- Provided material:
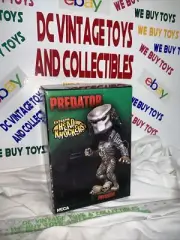 NECA Predator Extreme Head Knocker NEW — Predator CASE FRESH Listing For 1 Item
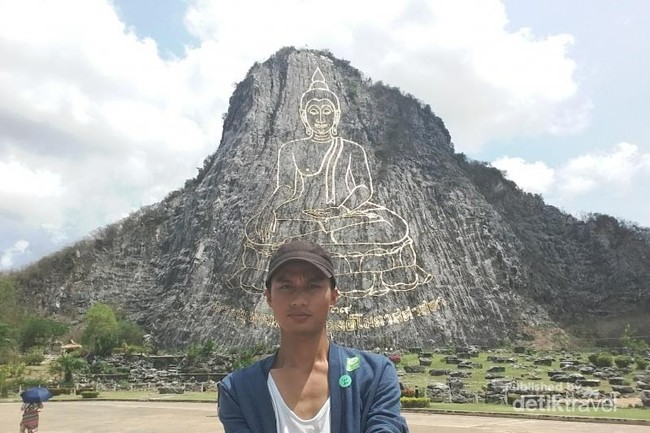 Kemegahan Laser Buddha dari Thailand
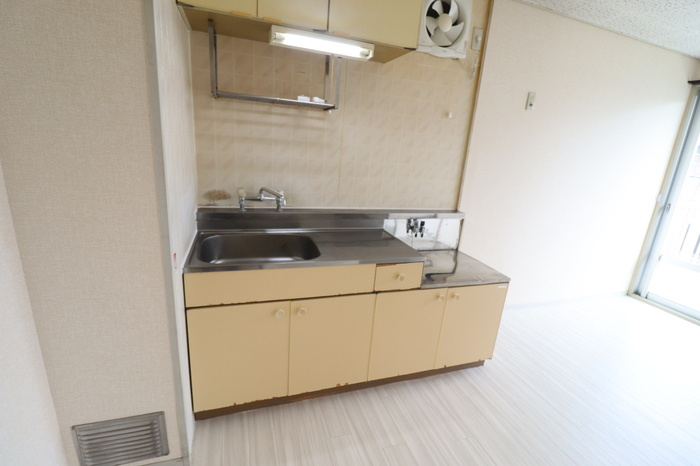 熊本市南区御幸笛田６丁目のアパートのキッチン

- Task to complete:
In copying the material, drop all pictures and keep everything else identical.

- Solution:
 NECA Predator Extreme Head Knocker NEW — Predator CASE FRESH Listing For 1 Item
 Kemegahan Laser Buddha dari Thailand
 熊本市南区御幸笛田６丁目のアパートのキッチン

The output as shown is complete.